**The task:** All lines below must be repeated exactly, with the pictures omitted.

**Available data:**
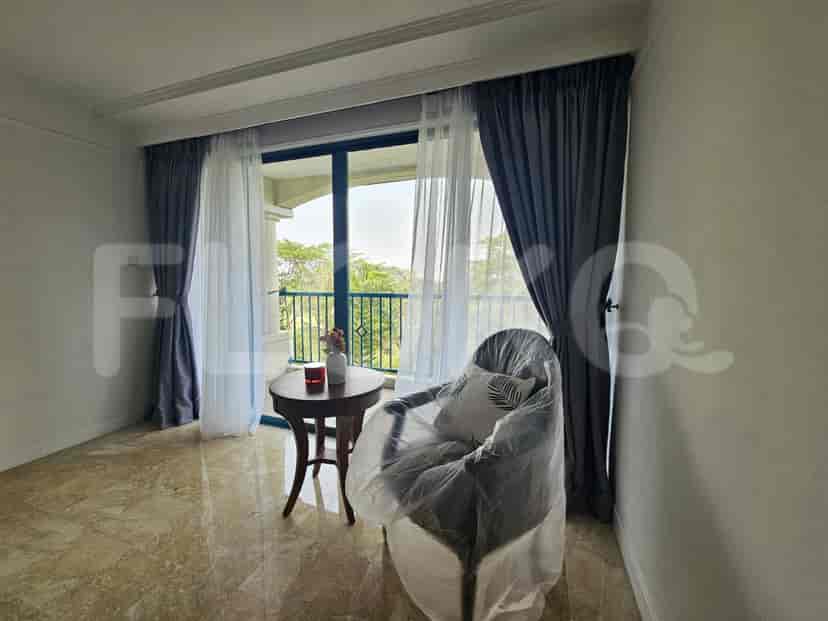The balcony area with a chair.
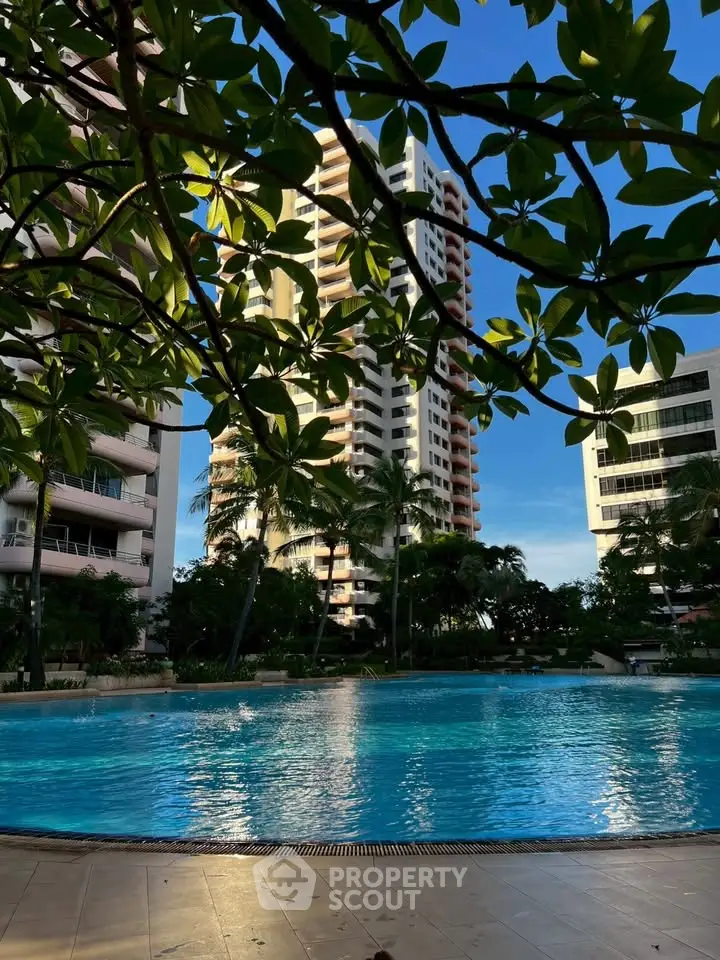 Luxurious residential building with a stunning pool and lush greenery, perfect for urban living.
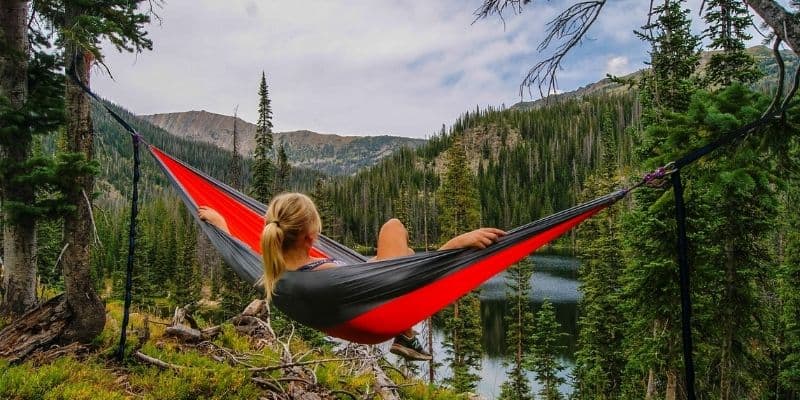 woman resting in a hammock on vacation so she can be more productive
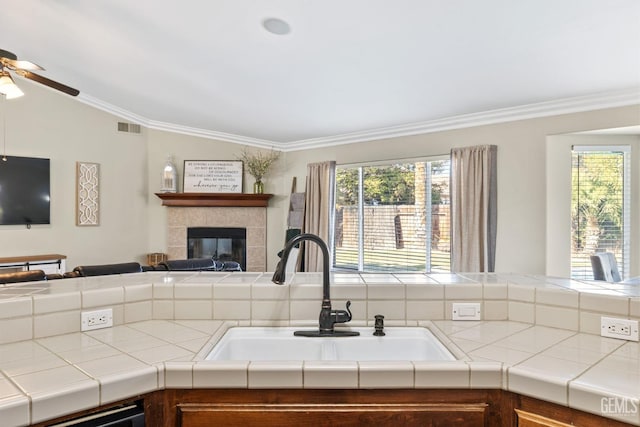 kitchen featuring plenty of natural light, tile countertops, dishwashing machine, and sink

**Expected answer:**
The balcony area with a chair.
 Luxurious residential building with a stunning pool and lush greenery, perfect for urban living.
 woman resting in a hammock on vacation so she can be more productive
 kitchen featuring plenty of natural light, tile countertops, dishwashing machine, and sink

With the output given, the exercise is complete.